Une paix malheureuse

Trotski avait raison de dire : une paix peut être trois fois malheureuse, mais la paix qui met un terme à cette guerre cent fois infâme ne peut pas être infâme, déshonorante, malpropre.

Il est incroyablement, infiniment pénible de signer une paix malheureuse, extrêmement dure et humiliante, alors que le fort marche sur la poitrine du faible. Mais il n'est pas permis de tomber dans le désespoir, il est inadmissible d'oublier que l'histoire connaît des exemples d'humiliations plus grandes encore, de conditions de paix encore plus malheureuses et plus dures. Pourtant, les peuples écrasés par des vainqueurs féroces et cruels ont su se redresser et reprendre vie.

Napoléon 1er écrasa et humilia la Prusse infiniment plus que Guillaume n'écrase et n'humilie maintenant la Russie. Napoléon 1er fut pendant des années le vainqueur absolu du continent, sa victoire sur la Prusse fut beaucoup plus décisive que celle de Guillaume sur la Russie. Mais la Prusse se remit sur pied au bout de quelques années et, dans une guerre libératrice, secoua le joug de Napoléon, non sans être soutenue par le brigandage des États qui faisaient à Napoléon une guerre impérialiste, et nullement libératrice.

Les guerres impérialistes de Napoléon durèrent de longues années, embrassèrent toute une époque et firent apparaître un réseau extraordinairement complexe où s'entrelaçaient des relations impérialistes et des mouvements d'émancipation nationale. Le résultat fut qu'à travers toute cette époque étonnamment riche en guerres et en drames (en drames vécus par des peuples entiers), l'histoire marcha de l'avant, de la féodalité au capitalisme « libre ».

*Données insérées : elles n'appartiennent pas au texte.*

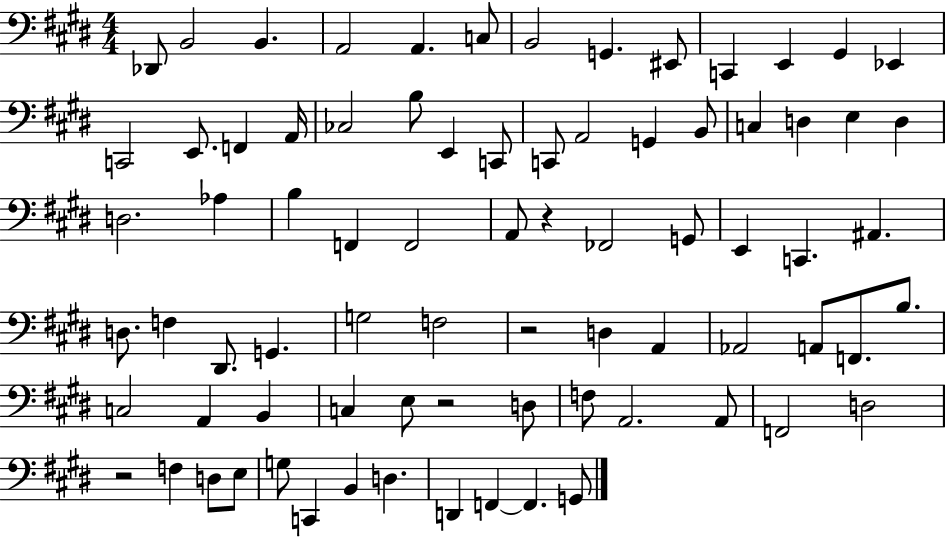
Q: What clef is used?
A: bass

L'histoire avance maintenant plus vite encore, les drames vécus par des peuples entiers que la guerre impérialiste a écrasés et écrase encore sont infiniment plus affreux. L'interpénétration des tendances, des mouvements et des aspirations impérialistes et d'émancipation nationale subsiste également, avec cette énorme différence que les mouvements d'émancipation nationale sont infiniment plus faibles et les mouvements impérialistes infiniment plus puissants. Mais l'histoire avance sans fléchir et la révolution socialiste mûrit au sein de tous les pays avancés, mûrit malgré tout, infiniment plus profonde, plus populaire, plus puissante que la révolution bourgeoise d'autrefois.

C'est pourquoi, encore et encore : rien n'est plus inadmissible que le désespoir. Les conditions de la paix sont intolérablement dures. Mais l'histoire prendra le dessus, la révolution socialiste qui mûrit inéluctablement dans les autres pays nous viendra en aide, même si ce ne doit pas être aussi tôt que nous le voudrions.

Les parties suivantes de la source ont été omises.